I'm not quite sure where this one's going but I'm sure that we'll get there. Pah! Come on! You should be used to this by now. I'm often not sure of where I'm coming from or going to, but we make it work somehow. Now, I feel compelled to tell you what it is I mean by making it work somehow. Life is a tricky messy thing, but it all works out in the end. There'll be a conclusion. There's always a conclusion. Even if the conclusion isn't what you hoped it might be, take some comfort in the fact that things do in fact conclude, always.
Back when I was love struck with love lost, I started writing something...
Every now and then we get with people that aren't the forever people. That means that you won't be together forever and ever, and that one day, your feelings of profound selfless love will turn into feelings of I love you but I'd sooner see you headless. Yes! Such is life. Nothing lasts forever. The loving somborri of today is the emotional terrorist of tomorrow, and the emotional terrorist of tomorrow is the, I swear it was the devil that possessed me to consider of next tomorrow. Like I said before, such is life. Shit happens. Everything ends, and nothing is good in the world. Yes I'm bitter. No, I don't care. Anyway, because my heart has been the victim of much sufferhead and torture...
Naturally I didn't finish it. Why on earth would I want to finish a thing like that? It's vaguely amusing but, I think I'm done with that. There are so any tales I could tell of
Thank heaven! I couldn't bear it. So I cast it aside like a burnt out cigarette and returned to business as usual. But, lately I've been thinking about the forever people and who they might be and that's when pack came up. The forever people are pack: your ride or dies, your ever dependables, the people that show up for you when all's said and done and the people that you show up for too. They're the people that don't understand you and are somehow fine with it. We're people. We're not always supposed to be understood you know? So now, more so than ever, I'm focusing on the way of the pack.

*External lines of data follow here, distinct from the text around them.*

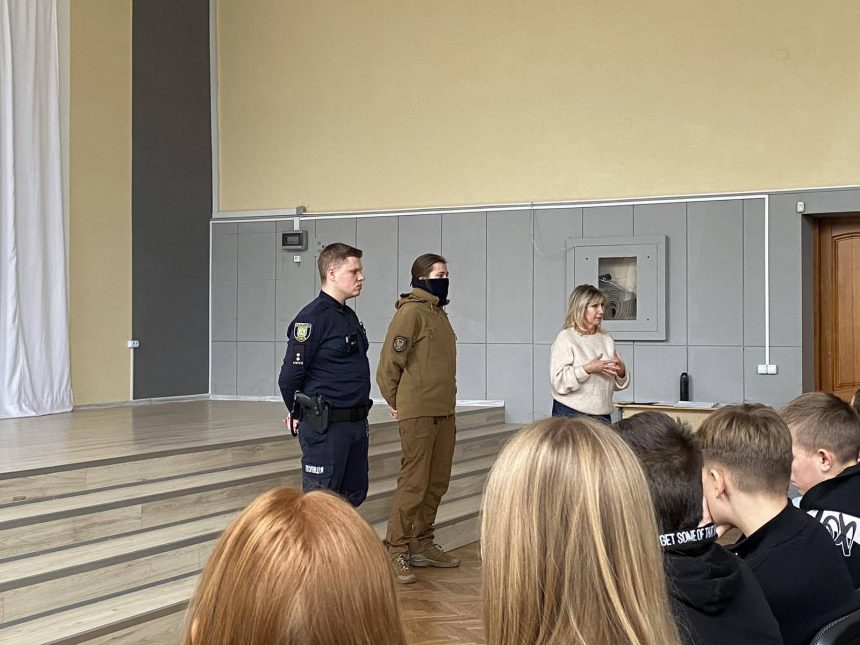 Захистимо майбутнє: СБУ та СОБ провели урок безпеки в СЗШ №86!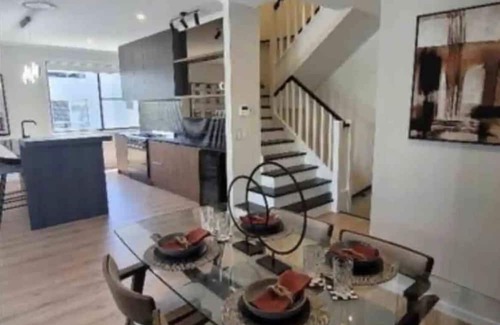 Surfers Paradise Villa | Classy paradise executive residence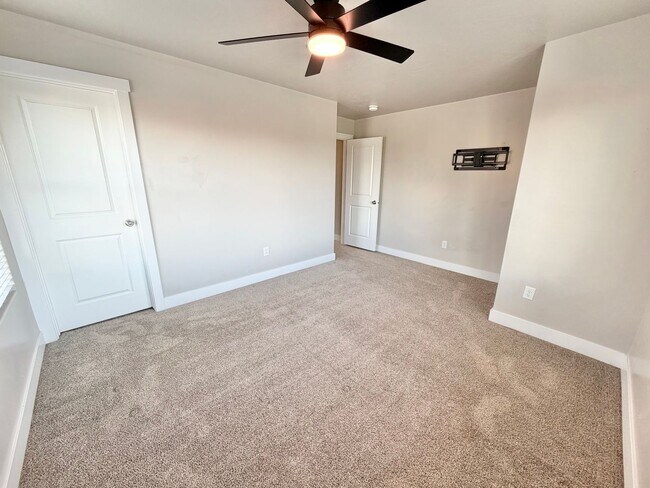 Building Photo - 5973 S Kastra Ln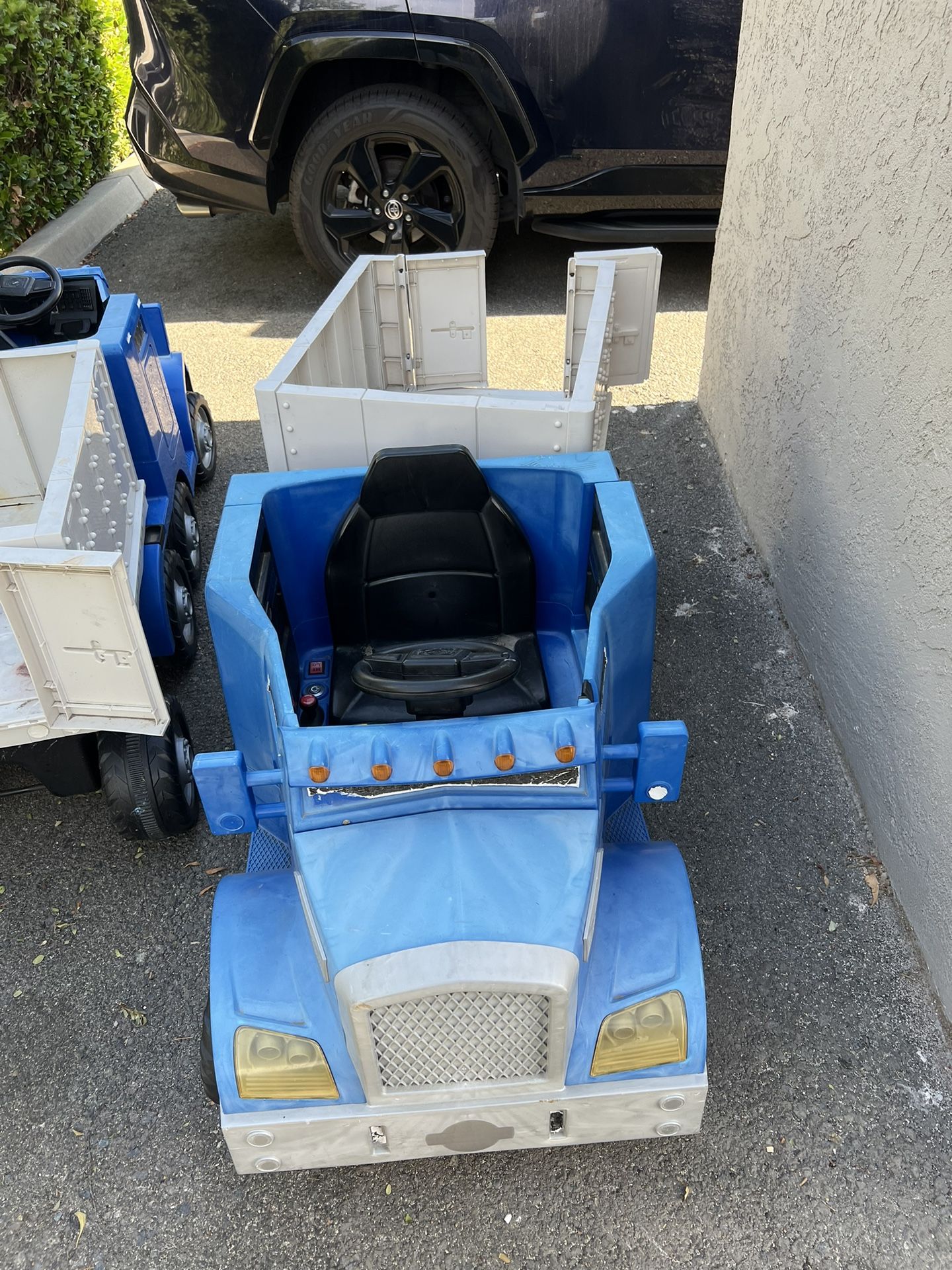 2 12V Kids Ride On Semi-Truck with Detachable Trailer - Realistic Sounds, Lights,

It is pack to run off on your own for a while on some adventure or the other. Pack won't judge, they'll let you go.
It is pack to not always be pack. Packs are living breathing coteries. You may leave one and find another, but you'll always remember that for a time you were brothers in battle.
Pack remembers the best of pack. Always. And even if there are hard times, pack remembers how those hard times led to something better.
Pack bleeds for pack.
In other news, I'm contemplating writing less about me. Or writing about me as I did 3 years ago. All of the good, none of the bad. Life affirming, never wallowing.